Joe S. Adams, Jr. is an American private investigator and former mercenary who trained the forces of, and acted as a bodyguard for, Adolfo Calero, one of the leaders of the Contra rebellion in Nicaragua.  In his 1988 trial in Florida for violations of the Neutrality Act, Adams was accused of having done so on behalf of the United States Central Intelligence Agency.  Adams was the first person indicted in Iran-Contra, was convicted, sentenced to one day of unsupervised probation and a $50.00 fine, and then pardoned.  Adams has been the subject of over 100 newspaper articles. Adams has also been featured in mercenary magazines such as Eagle and Soldier of Fortune.

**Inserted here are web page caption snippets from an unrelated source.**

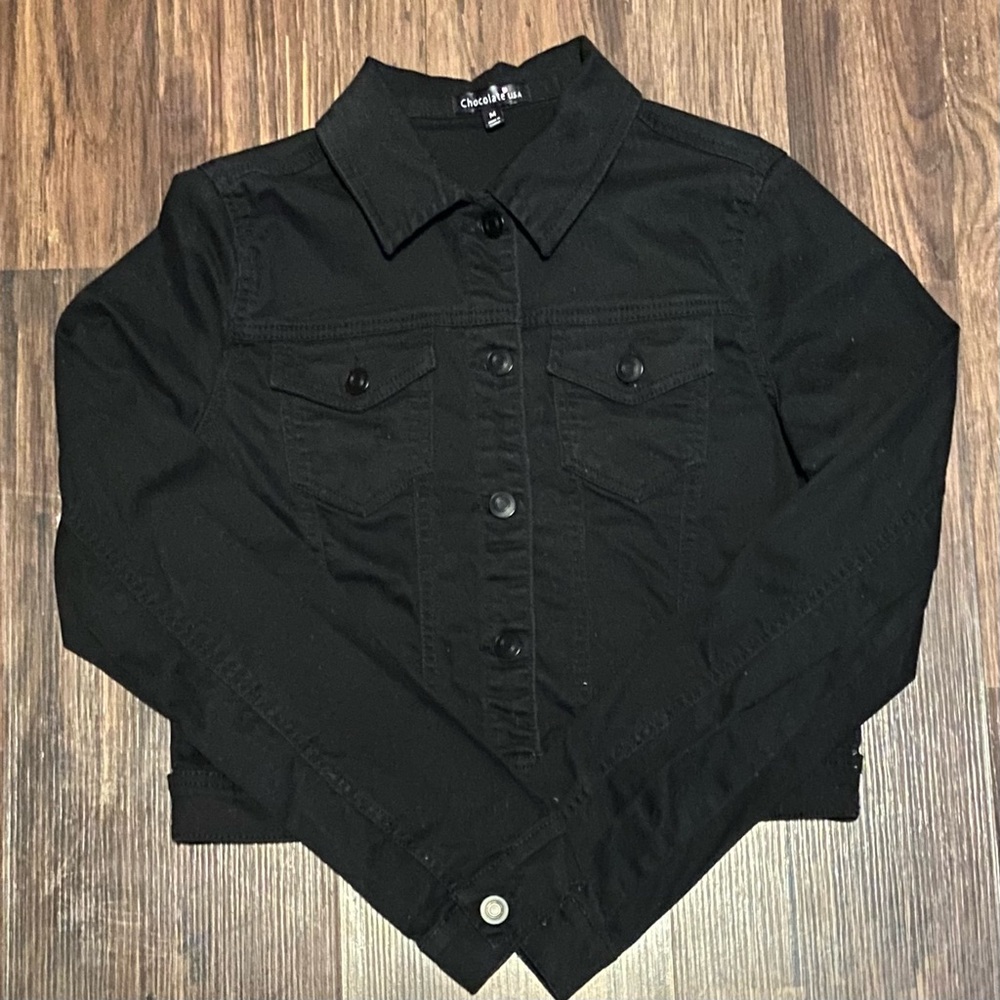 Womens Black Denim Jacket
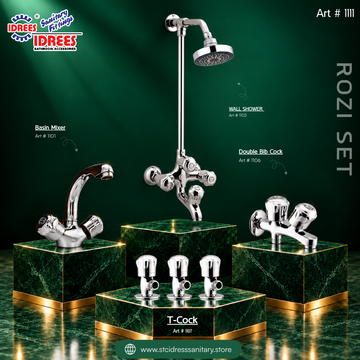 Idrees Rozi Complete Bathroom Fitting Set with Hand Shower – Chrome Finish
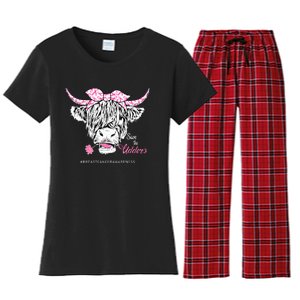 Save The Udders Heifer Cow Breast Cancer Awareness Day Women's Flannel Pajama Set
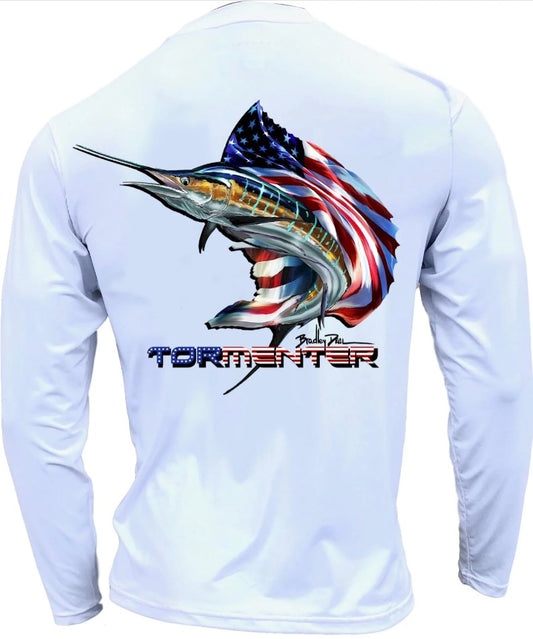 Tormenter Men's Performance Shirt- Sailing Patriot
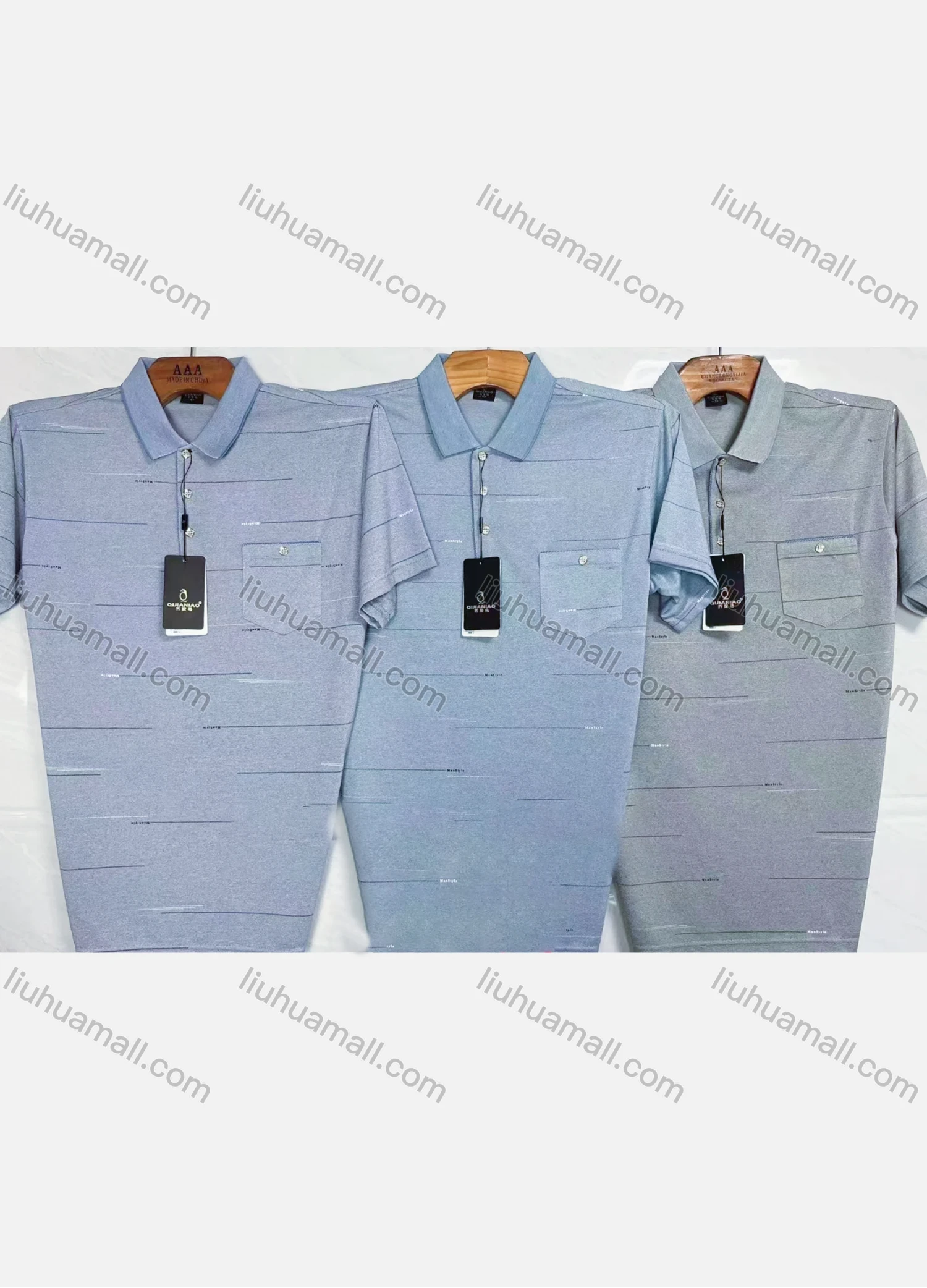 Wholesale Men's Causal Striped Patch Pocket Short Sleeve Polo Shirt - Liuhuamall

A former member of the United States Marine Corps, Adams has also worked as a mercenary and security consultant in Southeast Asia, Africa, and Europe.  He currently operates Adams Investigations in St. Louis, Missouri and has worked numerous high-profile cases there, including the capture of an FBI Top Ten Most-Wanted Fugitive.

Adams is a former bodybuilder and powerlifter who appeared in several of Joe Weider's publications in the 1970s, and appeared in shoots with former California governor Arnold Schwarzenegger. 

In the 1980s, Adams was the subject of controversy in the St. Louis area when, acting as a bounty hunter, a prisoner in his custody died from the effects of a stun gun.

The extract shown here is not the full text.